In two of the three situations, the jobs that people quit were ones that they had recently accepted. Didn’t these two do their homework? Didn’t they know what they were walking into? The answer actually is that both did in fact do some research and the jobs they were promised and the situations they would work in differed from the ones presented by the employer at the interview stage. No amount of planning, research and preparation can prepare you for a job if the job itself morphs into something different, or there is a significant change in hours, the job description, the location etc.
In one of the situations, the person resigned from a job to take the new position, and after three weeks on the job, the employer actually cut the position itself but retained the employee, and created a new position that differed substantially from the position the person had agreed to take when leaving their former employer. The result in that case was that the person told me that they felt they were doomed to fail in the new position because they were honest enough to admit they didn’t have the skills required to perform that job at a high level. So rather than accept a higher salary for a short time and then get fired, they took the high road and resigned.

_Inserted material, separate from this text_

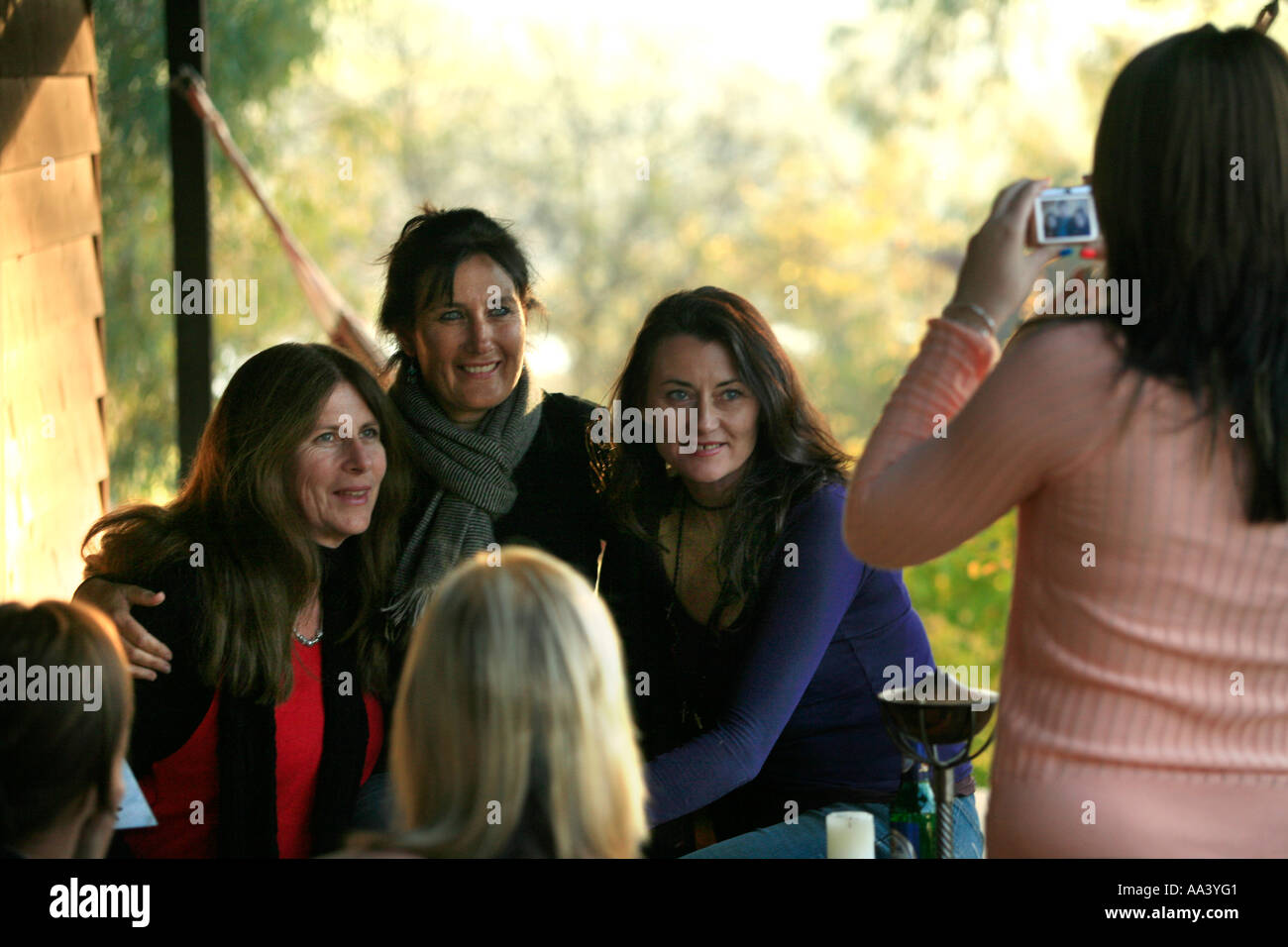 Women posing for photograph hi-res stock photography and images - Alamy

Another factor involved in one persons decision was the attitude of the person to whom the employee reported to. That’s a hard thing to gauge at an interview. In this situation there is a history of people accepting the job which she did and then the position becoming vacated and advertised for. Sooner or later I suspect but will never know, if those in more senior positions from that company don’t draw the conclusion that it isn’t the applicants that are the problem but the supervision they are receiving. Perhaps that’s where the change is needed.
I am very interested in staying connected with these three individuals. Aside from being competent employees with personal ethics, skills and self-motivation, they are all professionals. Each of them will, if they include the positions on their future resumes, have to explain why they resigned and opted to look for work elsewhere. What will they say? I can tell you that all three will refrain from bad-mouthing the previous employers while at the same time being honest.
The injustice is that when you leave a position for reasons that are entirely justified, you still have to hope and trust that the new employer you are being interviewed by believes your story. And this element of doubt; that, “You’ve got to believe me” feeling, is unfortunate. The reason? Well the employer doesn’t HAVE to believe you do they? There are some people out there who quit jobs for very poor reasons, and in those situations the employer is entirely in the right and the employee is the problem.
So from the view of the new employer, they have the unenviable job of discerning which of the two you are; the disgruntled applicant who quit with poor justification or the applicant who quit their last job for reasons that were entirely justified.
When speaking of why you resigned from a position, good general advice is to be honest, succinct and to keep calm and in control as you are speaking. Your answer or reply should also end on a positive note. Any feelings of anger, revenge, and although it’s a strong word – hate, should be reigned in. In fact, doing a mock interview with a professional to answer this one specific question is a good idea. The question, “Why did you leave your last position?” or possibly even, “How would you describe your previous employer?”
Crafting an answer that is honest, doesn’t belittle the previous employer, and shows your professionalism, ethics, reasoning and good judgement is going to serve you well.